My name is Courtney Alexander, and I am a senior research analyst with the United Food and Commercial Workers International Union. I have 35 years of experience working for labor unions analyzing corporate ownership and financial structures, with a focus on the rise of private equity in the service industry and the impact of financial engineering on American workers. What I am here to address today is my recent work analyzing the outflow of capital from United States-based private equity firms to the People's Republic of China. That capital includes public employee pension assets invested by private equity firms in a country of national security concern. I will present a case study which we believe illustrates the need for public disclosure by private equity firms of their investments in countries of concern.

In the last few years, scrutiny into U.S. investment in China has been building. Examples include:

1. Your passage of the Holding Foreign Companies Accountable Act, requiring listed companies to permit inspections of their audits, a longstanding obstacle for investors in Chinese companies listed in the U.S.

2. The resulting September 2022 Statement of Protocol between the Public Company Accounting Oversight Board (PCAOB), the China Securities Regulatory Commission (CSRC) and China's Ministry of Finance setting a framework for access to such audits, to be tested in the coming year./1

3. Presidential Executive Order 14032 which bans U.S. transactions in certain publicly traded securities that finance companies in the Chinese Military Industrial Complex and Chinese surveillance technology;

4. House and Senate bills and hearings outlining the case for an outbound review process - sometimes called a reverse CFIUS - for investment in industries important to national security, in countries of concern.

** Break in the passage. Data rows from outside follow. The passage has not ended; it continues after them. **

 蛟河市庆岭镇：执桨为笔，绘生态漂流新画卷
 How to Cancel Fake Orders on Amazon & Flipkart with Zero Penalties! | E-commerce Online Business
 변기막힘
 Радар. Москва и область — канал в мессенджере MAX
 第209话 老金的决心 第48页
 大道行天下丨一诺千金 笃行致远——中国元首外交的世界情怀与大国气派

Much of the engagement around investments in Chinese companies is guided by what is visible in publicly traded companies. What is less visible, but no less important, is the trove of investments made by U.S. private equity funds in Chinese companies.

1 https://www.sec.gov/news/statement/gensler-audit-firms-china-hong-kong-20220826

Let me present a case study of one such investment based on our research.

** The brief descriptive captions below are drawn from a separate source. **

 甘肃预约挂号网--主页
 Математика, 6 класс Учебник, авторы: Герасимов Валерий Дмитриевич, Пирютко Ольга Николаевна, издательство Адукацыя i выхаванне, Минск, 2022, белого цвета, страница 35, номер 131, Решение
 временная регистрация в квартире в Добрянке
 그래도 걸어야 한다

Between 2007 and 2018, U.S. based KKR & Co. invested $3.3 billion in companies and entrepreneurs in Greater China.2 In late 2017, KKR Asian Fund III, an investment vehicle run by KKR, founded a Chinese artificial intelligence and big data company called Cue Group. The company, formally called Shanghai Cue Information Technology Co., Ltd. was formed by combining four digital advertising, communications and big data analytics companies under the leadership of Mr. Shi Kan, a Chinese technology entrepreneur./3

At launch, Cue was described by KKR as "...the first one-stop digital marketing company for the Chinese market."/4

Until November 1, 2021, KKR owned a majority of Cue and KKR executives comprised a majority of Cue's Board.

KKR's "digital marketing company" went on to jointly develop surveillance technology with an arm of the Ministry of Public Security, the government organ that oversees China's vast internal surveillance apparatus.

In 2020, Cue had jointly developed technology for a surveillance product with the Video National Engineering Laboratory Zhuhai Innovation Center ("Zhuhai Innovation Center"), a government lab run by the First Research Institute of the Ministry of Public Security, according to an April 2, 2020 press release posted on Cue's website during 2021./5

The Zhuhai Innovation Center and the First Research Institute play integral roles in the Ministry of Public Security's surveillance apparatus, and the First Research Institute works with Chinese entities that are sanctioned by the U.S. government for facilitating human rights abuses or playing a role in the Chinese military-industrial complex. I will come back to this point after describing Cue's technology.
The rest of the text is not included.